Justice Denied: Voices from Guantánamo
November 5, 2009 12:24 PM   Subscribe

Released detainees talk about life during and after their unlawful detention in the video Justice Denied: Voices from Guantánamo which is part of an ACLU initiative against the practice of detention without due process that violates fundamental principles of American justice. (Previously)
posted by gman (7 comments total) 8 users marked this as a favorite
 
I don't know where to start on how this post (thank you gman! ) disturbs me so profoundly, but here are a couple of questions. First, what has happened since March 2009 when this video was released? And secondly, why on earth would anyone debate water boarding and other practices in terms of whether they are or are not torture if, as these men describe, what went on included deliberate blinding, sexual abuse and rape, and beating at least one prisoner to death/
posted by bearwife at 1:24 PM on November 5, 2009 [1 favorite]




Guantanamo deserves to go down as one of the darkest pieces of American history, but even in 2009 the media seems too afraid of being called 'weak on terror' to deal with it yet.

I want to believe that the Obama administration is actually dealing with it, rather than scattering the pieces to even more-secret prisons, thus hiding them better. I'd be happier, that is, if the talking points were more about "ending the use of secret prisons" rather than just "closing Guantanamo."
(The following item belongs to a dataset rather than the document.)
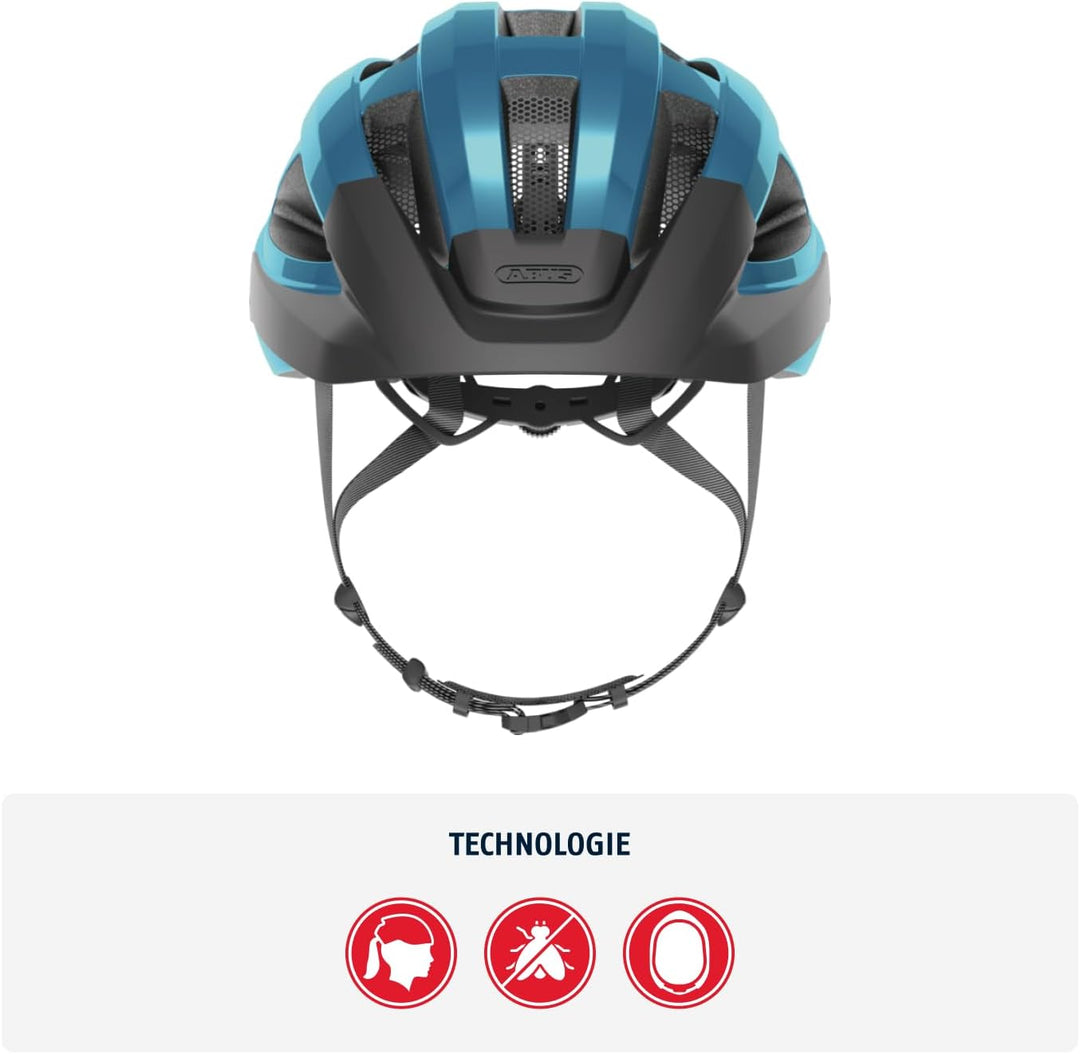 ABUS Rennradhelm Macator - sportiver Fahrradhelm für Einsteiger - auch für Zopfträger/-innen - für D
Waterboarding has always been a bit of a shiny distraction, bearwife. The CIA types who designed the Abu Ghraib treatments are the same lot who still sign in to work at Guantanamo today.
posted by rokusan at 2:00 PM on November 5, 2009


The ACLU also has a torture report blog with updates on the situation and PDFs of the documents they've gained from the FOIA.
posted by Solon and Thanks at 2:29 PM on November 5, 2009 [2 favorites]
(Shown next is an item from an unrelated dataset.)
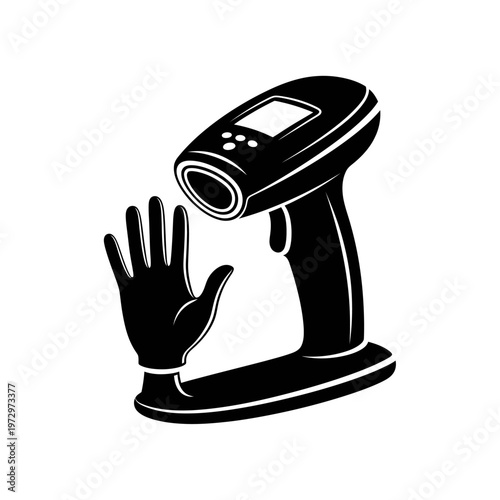 Bio-Resonance Scanner Hand Plate Sensor for Holistic Alternative Health Therapy Vector Silhouette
I know waterboarding isn't all there is, sorry to be unclear. But remember even the ridiculous definition of torture from John Yoo:

Yoo also narrowed the definition of torture so the victim must experience intense pain or suffering equivalent to pain associated with serious physical injury so severe that death, organ failure or permanent damage resulting in loss of significant body functions will likely result

Even under that definition, deliberate blinding and beating a prisoner to death is torture. So there should be no problem with investigating and punshing this conduct, no?
posted by bearwife at 2:33 PM on November 5, 2009


Waterboard Cheney, Gonzales and Yoo until they remember that it is torture.
posted by Jimmy Havok at 8:03 PM on November 5, 2009


It seems as if concern-fatigue has set in. Under Bush, there was widespread discussion among concerned citizens, discussion which went to the heart of what our country stands for, if we continue to tolerate and encourage the use of torture. Today these voices are few and far between. This thread is a perfect example. A handful of comments - under 10, as of this writing. Contrast that with the 300+ comments on waiter etiquette. On the one hand, the torture of bad service, on the other hand, waterboarding. I wonder if we have just accepted torture as part of our SOP, and don't even think we should aspire to anything better. What happened to the American Dream?